### [Task goal]
In the material below, pictures must be dropped. Repeat exactly, and only, the lines from the line with "round_hippie_retro_style_sunglasses_red_lens_sunglasses_2.jpg" to the line with "323C4A_Nike-Air-Max-TL-2.5_THUNDER-BLUE_IO2263-060_img3", both ends included.

### [Source data]

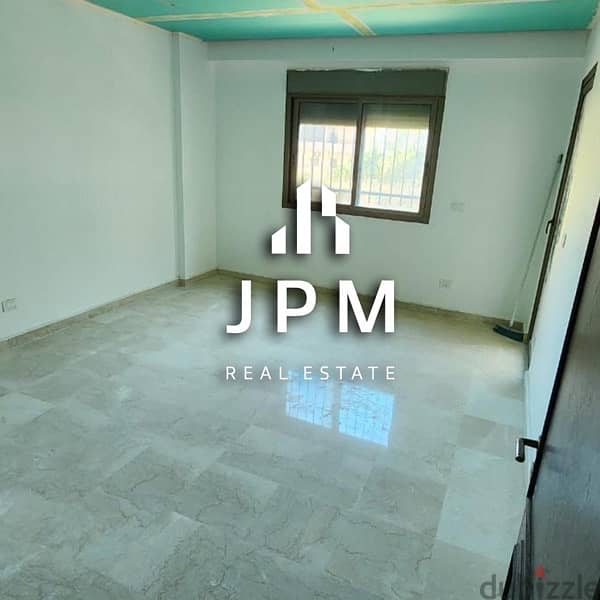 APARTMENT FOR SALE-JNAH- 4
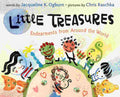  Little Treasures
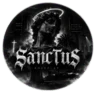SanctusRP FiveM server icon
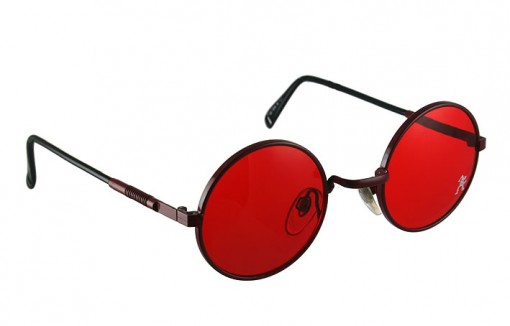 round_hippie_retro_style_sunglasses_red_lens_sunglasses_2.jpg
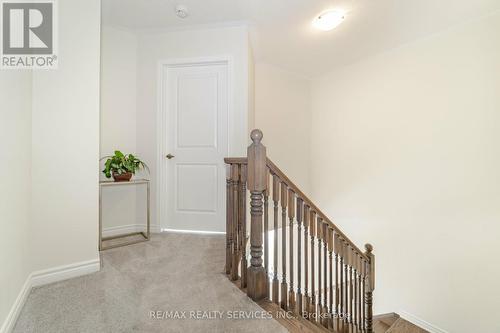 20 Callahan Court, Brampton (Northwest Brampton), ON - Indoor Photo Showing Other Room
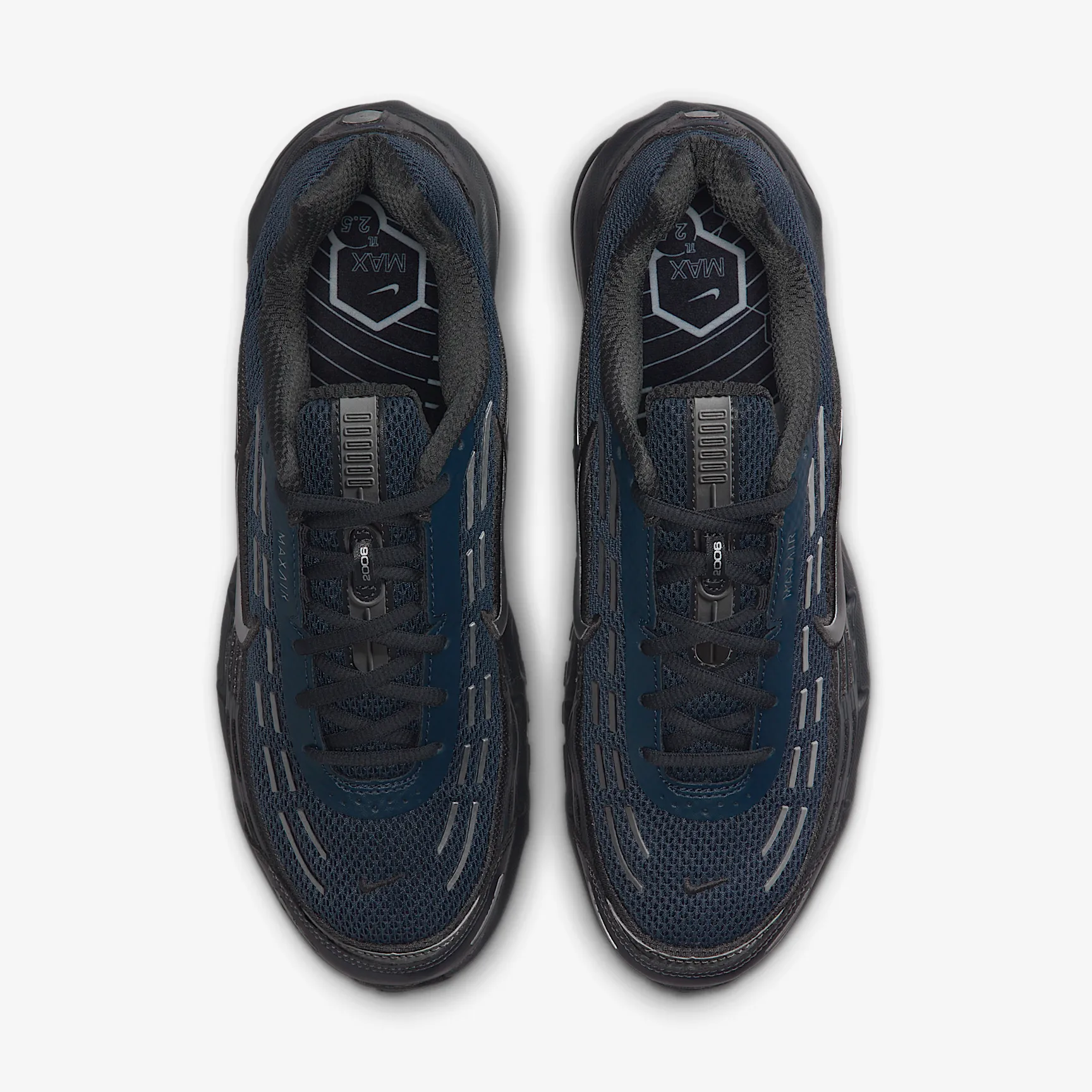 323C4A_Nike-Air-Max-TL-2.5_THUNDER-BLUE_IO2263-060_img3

---

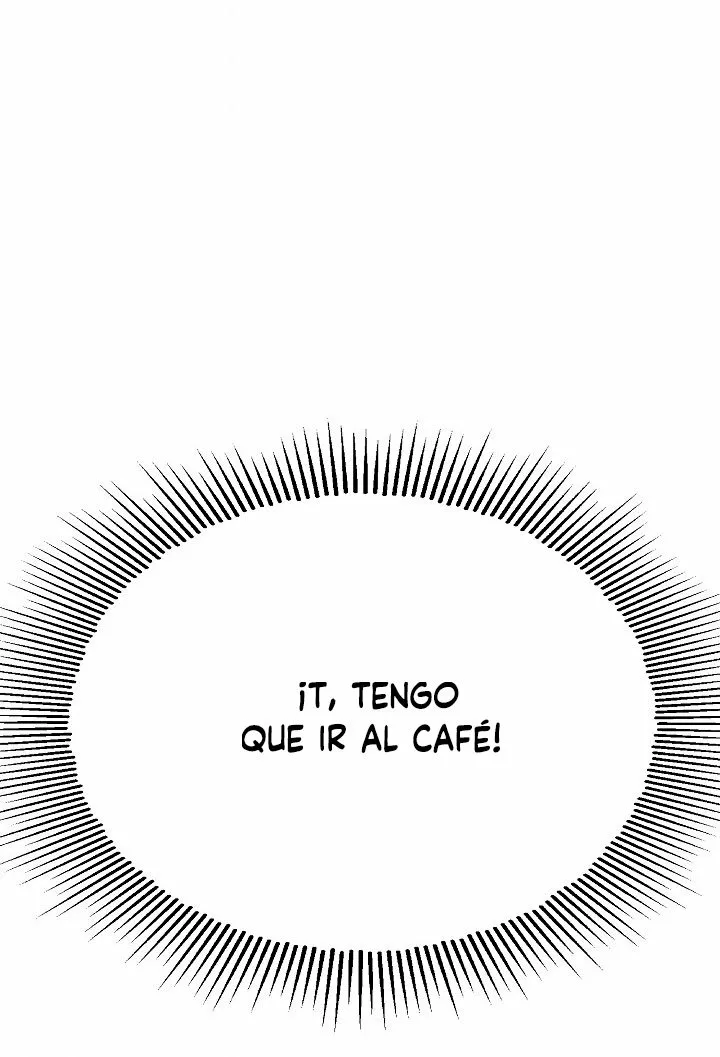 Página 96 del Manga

--

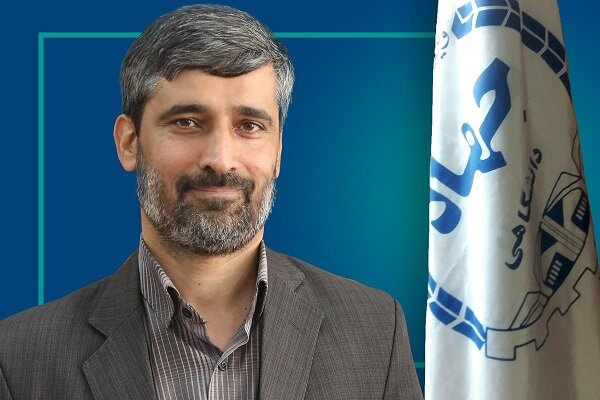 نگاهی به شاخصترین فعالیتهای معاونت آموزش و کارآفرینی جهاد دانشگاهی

### [Your response]
 round_hippie_retro_style_sunglasses_red_lens_sunglasses_2.jpg
 20 Callahan Court, Brampton (Northwest Brampton), ON - Indoor Photo Showing Other Room
 323C4A_Nike-Air-Max-TL-2.5_THUNDER-BLUE_IO2263-060_img3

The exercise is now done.